Introduction to gromacs

In the lectures we learned what MD simulations are and why they are interesting, now it is time to set up a simulation.

For this, we will use the GROMACS simulation package.

For this course, we will simulate the dynamics of a small, typical protein domain: the B1 domain of protein G. B1 is one of the domains of protein G, a member of an important class of proteins, which form IgG binding receptors on the surface of certain Staphylococcal and Streptococcal strains. These proteins allow the pathogenic bacterium to evade the host immune response by coating the invading bacteria with host antibodies, thereby contributing significantly to the pathogenicity of these bacteria (click here for further background information on this protein).

Before a simulation can be started, an initial structure of the protein is required. Fortunately, the structure of the B1 domain of protein G has been solved experimentally, both by x-ray crystallography and NMR. Experimentally solved protein structures are collected and distributed by the Protein Data Bank (PDB). Please open this link in a new browser window and enter "protein G B1" in the search field. Several entries in the PDB should match this query. We will choose the x-ray structure with the highest resolution (entry 1PGB) for this study. To download the structure, click on the link "1PGB", and then on "download". On the download page, select "download" with compression "none" and format "PDB". When prompted, select "save to disk", and save the file to the local hard disk. On the unix prompt, type:

rasmol 1PGB.pdb
to visualise the structure. Please note that the commands in bold print can be easily transferred to the command prompt with cut-and-paste. We now see a so-called wireframe representation of the protein structure: atoms (with different colors for the different chemical elements: grey for carbon; red for oxygen and blue for nitrogen) are not shown directly, but the bonds between atoms are shown as lines. Under "display", also try other representations such as "sticks", "spacefill", "ball & stick" and "cartoons". Exit rasmol under "file" -> "exit".

We will now prepare the protein structure to be simulated in gromacs. Although we now have a starting structure for our protein, one might have noticed that hydrogen atoms (white) are still missing from the structure. This is because hydrogen atoms contain too few electrons to be observed by x-ray crystallography at moderate resolutions. Also, gromacs requires a molecular description (or topology) of the molecules to be simulated before we can start, containing information on e.g. which atoms are covalently bonded and other physical information. Both the generation of hydrogen atoms and writing of the topology can be done with the gromacs program pdb2gmx:

pdb2gmx -f 1PGB.pdb -o conf.pdb
when prompted for the force-field to be used, choose "3" (OPLS-AA/L all-atom force field). View the result with:

rasmol conf.pdb
The topology file written by pdb2gmx is called "topol.top". Have a look at the contents of the file using:

more topol.top
you will see a list of all the atoms (with masses, charges), followed by bonds (covalent bonds connecting the atoms), angles, dihedral angles etc. Near the very end of the topology (in the "[molecules]" section) there is a summary of the simulation system, including the protein and 24 crystallographic water molecules. (quit the "more" program by pressing "q")

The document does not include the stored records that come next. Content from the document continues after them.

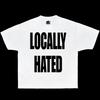 Lokal gehasste Zitate Grafik Boxy T-Shirt, Grafik, T-Shirt, Streetwear, y2k, T-Shirt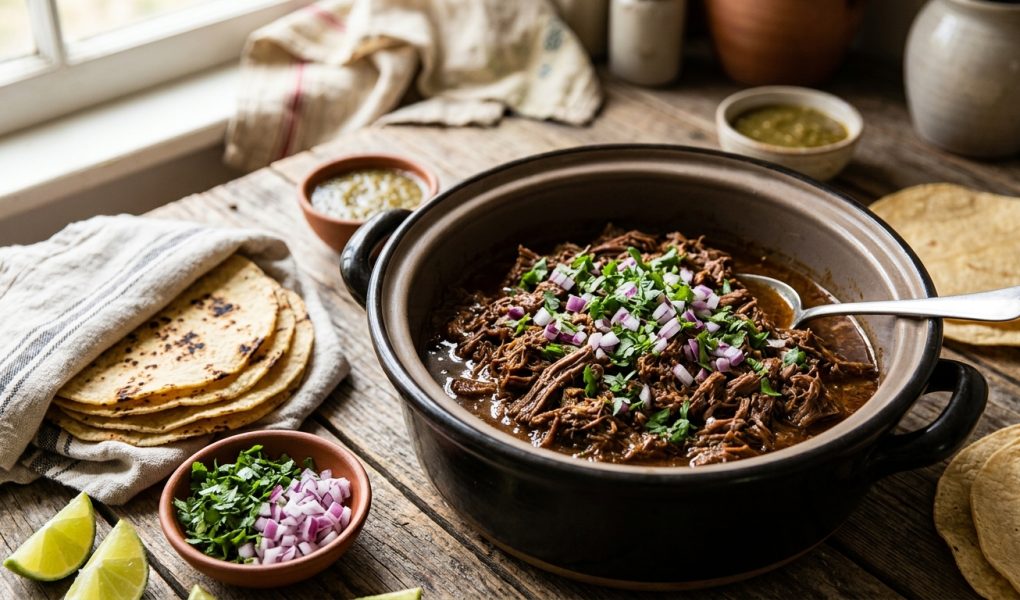 slow cooker barbacoa (AI Generated Image)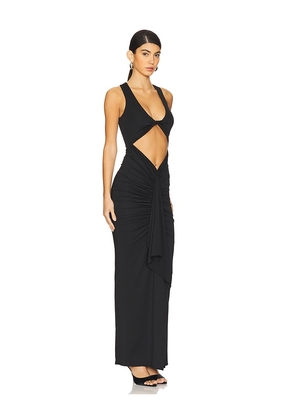 superdown Amai Maxi Dress in Black. Size L. Also in M, S, XL, XS, XXS.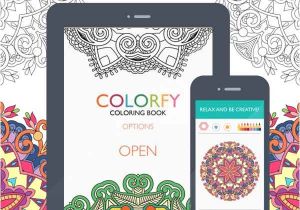 Colorfy Coloriage Gratuit Colorfy L Art Du Coloriage Anti Stress Sur iPhone Et Ipad Gratuit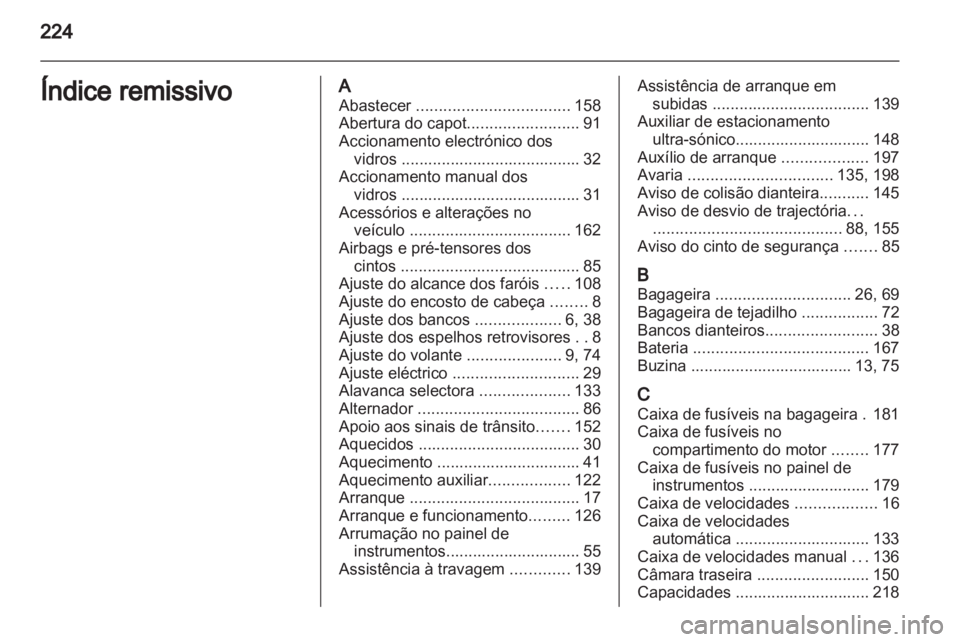 OPEL MOKKA 2013  Manual de Instruções (in Portugues) 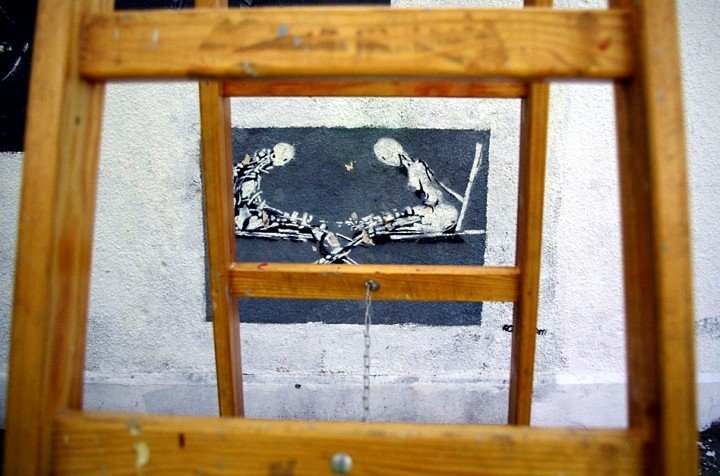 Street Art rozpoczęty zdjęcie nr 44091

The topology file contains all the physical information about all interactions between the atoms of the protein (bonds, angles, torsion angles, Lennard-Jones interactions and electrostatic interactions).

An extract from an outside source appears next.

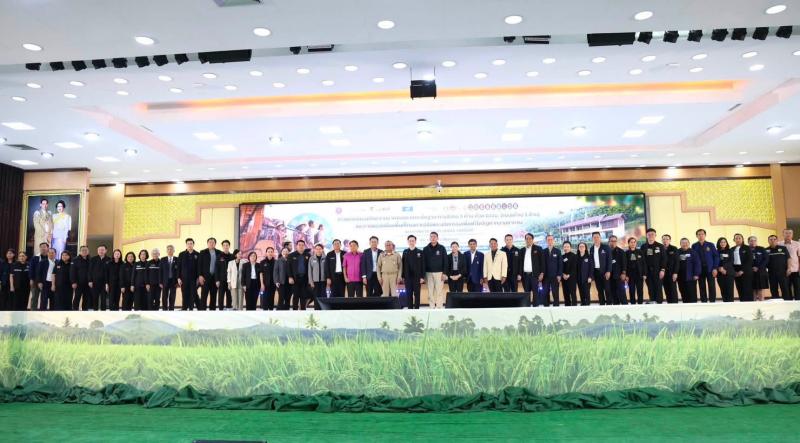 รมว.พม. กล่าวถึงบท�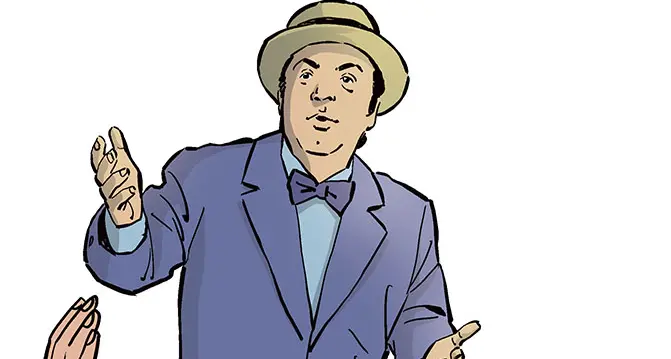 Lino Banfi a fumetti: l'anteprima della graphic novel che uscirà a maggio in vista dei 90 anni dell'attore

The next step in setting up the simulation system is to solvate the protein in a water bo, to mimick a physiological environment. For that, we first need to define a simulation box. In this case we will generate a rectangular box with the box-edges at least 7 Angstroms apart from the protein surface:

editconf -f conf.pdb -o box.pdb -d 0.7
(note that gromacs uses units of nanometers). View the result with

rasmol box.pdb
and, in rasmol, type:

unitcell true
Now we fill the simulation box with SPC water using genbox:

genbox -cp box.pdb -cs spc216 -o water.pdb -p topol.top
Again, view the output (water.pdb) with rasmol. Now the simulation system is almost ready. Before we can start the dynamics, we must perform an energy minimisation, to alleviate any bad contacts (atoms overlapping such that a significant repulsion would result, causing numerical problems in the simulation) that might be present in the system. For this we need a parameter file, specifying which type of minimisation should be carried out, the number of steps, etc. For your convenience a file called "em.mdp" has already been prepared and can be downloaded from here. View the file with "more" to see its contents. We use the gromacs preprocessor to prepare our energy minimisation:
grompp -f em.mdp -c water.pdb -p topol.top -o em.tpr
This collects all the information from em.mdp, the coordinates from water.pdb and the topology from topol.top, checks if the contents are consistent and writes a unified output file: em.tpr, which will be used to carry out the minimisation:
mdrun -v -s em.tpr -c em.pdb
The output shows that already the initial energy was rather low, so in this case there were hardly any bad contacts. Having a look at "em.pdb" shows that the structure hardly changed during minimisation.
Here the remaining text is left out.